Poor Things

Alasdair Gray

Bloomsbury 1992
A book review by Danny Yee © 2006 https://dannyreviews.com/
The largest part of Poor Things is Episodes from the Early Life of a Scottish Public Health Officer, the memoirs of one Archibald McCandless. This describes how he befriends the deformed Godwin Baxter in medical school, and how Baxter takes a drowned woman and replaces her brain with that of her unborn daughter. Educated by Godwin to be his companion, Bella Baxter engages to marry McCandless instead, and then elopes with the rake Duncan Wedderburn. As revealed through their letters, the innocent, inquisitive and confident Bella drives Wedderburn to madness and to God, while she furthers her education with the help of an American missionary doctor, a cynical English businessman, and a Parisian prostitute. Her return to Britain precipitates a confrontation with her first husband.

McCandless' story is followed by a letter from his widow, written after his death in 1914. She presents a rather different version of events, and an acerbic critique of his tale:

"My second husband's story positively stinks of all that was morbid in that most morbid of centuries, the nineteenth.

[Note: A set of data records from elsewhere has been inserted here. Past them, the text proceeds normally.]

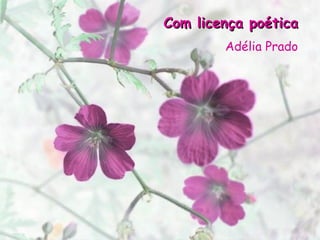 Com licença poética Adélia Prado 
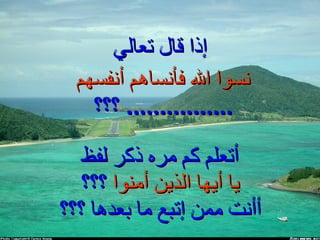 إذا قال تعالي أتعلم كم مره ذكر لفظ يا أيها الذين أمنوا   ؟؟؟ أأنت ممن إتبع ما بعدها ؟؟؟ نسوا الله فأنساهم أنفسهم  ................  ؟؟؟  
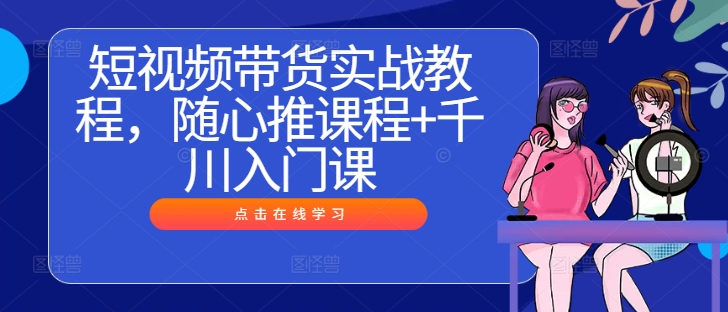 短视频带货实战教程，随心推课程+千川入门课-网创项目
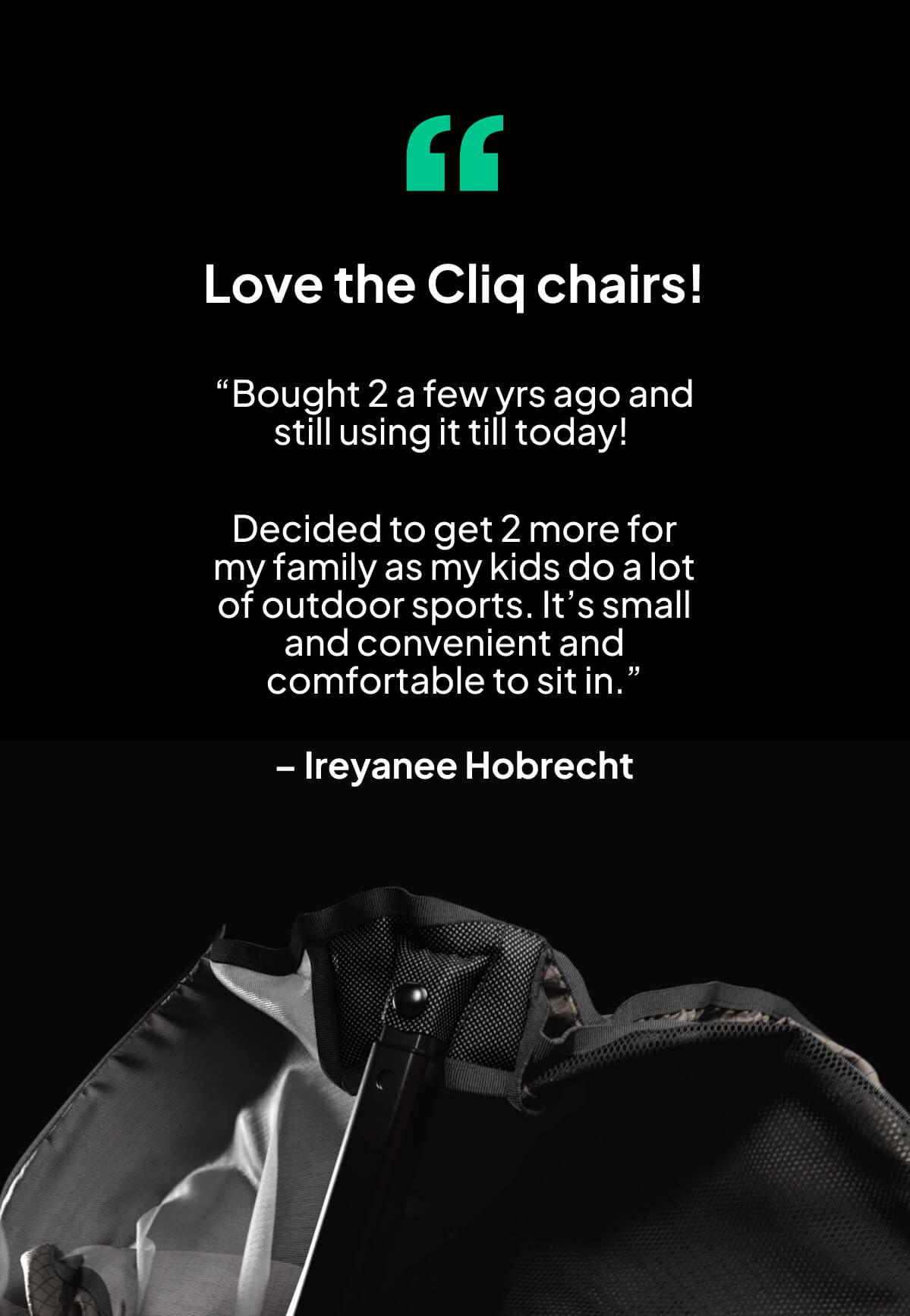 “Bought 2 a few yrs ago and still using it till today!   Decided to get 2 more for my family as my kids do a lot of outdoor sports. It’s small and convenient and comfortable to sit in.”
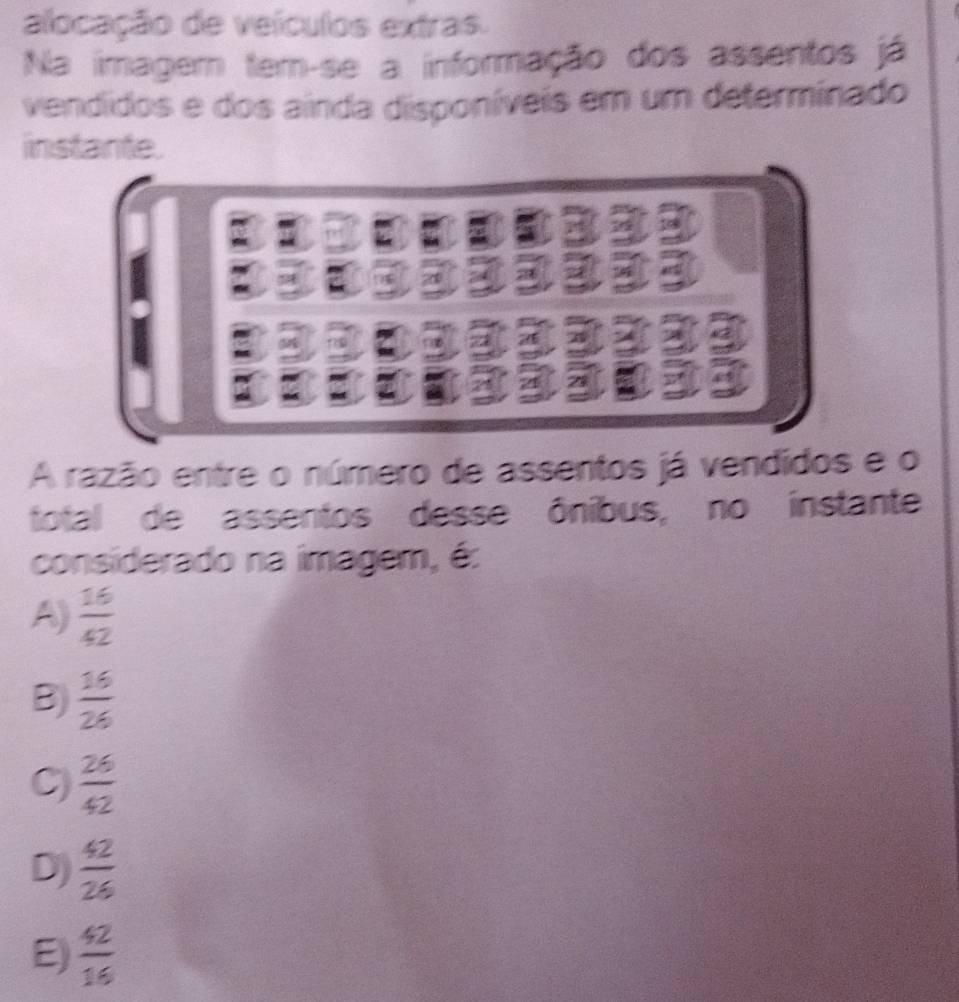 alocação de veículos extras.
Na imagem tem-se a informação dos assentos já
vendíidos e dos ainda disponíveis em um determinado
instante.
A razão entre o número de assentos já vendidos e o
total de assentos desse ônibus, no instante
considerado na imagem, é:
A)  16/42 
B)  16/26 
C)  26/42 
D)  42/26 
E)  42/16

He has made a sufficiently strange story stranger still by stirring into it episodes and phrases to be found in Hogg's Suicide's Grave with additional ghouleries from the works of Mary Shelley and Edgar Allan Poe. What morbid Victorian fantasy has he NOT filched from? I find traces of The Coming Race, Dr. Jekyll and Mr. Hyde, Dracula, Trilby, Rider Haggard's She, The Case-Book of Sherlock Holmes and, alas, Alice Through the Looking-Glass; a gloomier book than the sunlit Alice in Wonderland. He has even plagiarized work by two very dear friends: G. B. Shaw's Pygmalion and the scientific romances of Herbert George Wells."

All of this is framed within a narrative of discovery, involving old records being thrown out by a legal firm, and accompanied by an introduction and "historical notes". The last and longest of these describes Bella "Victoria" Baxter's career, as an early female graduate of Edinburgh's medical school, an advocate of family planning, and a suffragette and socialist, down to her death in 1946.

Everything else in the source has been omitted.